Lei rimarrà a Locarno per otto giorni per produrre dei cortometraggi con dieci giovani cineasti che arrivano da tutta Europa, che dovranno ruotare attorno al tema “montagne, solitudine, desiderio”
«Si tratta solo di una traccia. Se sei giovane, devi guardarti attorno e fare delle associazioni spontaneamente. La cosa più importante è quello che vedono e che trasformano per condividerlo con altre persone. Ognuno deve articolare lo sguardo nel suo personalissimo modo di vedere la vita. Io non sono un insegnante di scuola, posso solo trasferire un senso di avventura e di libertà».
Le richieste di partecipare alla masterclass sono state moltissime, lei ha dovuto compiere una scelta tra decinedi candidati
«Il mio criterio di scelta è stata la somiglianza con il mio modo di vedere le cose.
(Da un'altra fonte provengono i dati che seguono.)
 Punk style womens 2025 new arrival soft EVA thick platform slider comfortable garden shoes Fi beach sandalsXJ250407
Penso di non poter lavorare assieme a chi è troppo diverso da me. Questo non significa che chi è stato escluso non abbia del talento. Lavorare con dieci persone in armonia è molto impegnativo, per cui ho avuto bisogno di una cerchia ristretta e omogena a me. Capiremo insieme che cosa fare, voglio prima comprendere la loro natura e come lavorano. Poi troveremo la chiave».
Lei trova che i nativi digitali abbiano un rapporto diverso con l’immagine rispetto alla sua generazione?
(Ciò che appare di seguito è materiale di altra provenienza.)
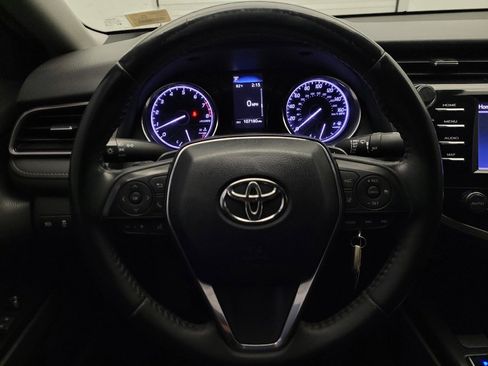 Used 2020 Toyota Camry SE image 22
«Non credo nella categoria della generazione, io credo in un gruppo di persone forti che abbiano una visione e uno stile proprio»
La sua decisione di non girare più film è definitiva?
«La mia creatività ha trovato altri modo di esprimersi . Non mi interessa fare film “canonici”. Lavoro per il wienerfest, per il teatro, faccio istallazioni, motion picture e molte altre cose assieme, come una mostra ad Amsterdam. Il fatto che io non stia girando un film, non significa che io non stia lavorando. Lo sto facendo con molta gente, ogni giorno»
Secondo lei questa sarà l’evoluzione del cinema?
«Non ho mai pensato a come evolverà cinema, saranno i giovani a trovare la strada che vogliono»
Ma ci sono alcune nuove leve del cinema che stima?
«Certo. Pedro Costa, Carlos Reygadas, Apichatpong Weerasethakul»
La critica ha spesso paragonato la sua filmografia al Neorealismo italiano
«Il Neorealismo italiano ha uno spirito e una storia differente dalla mia. I miei film sono vicini alla realtà, ma questo è tutto»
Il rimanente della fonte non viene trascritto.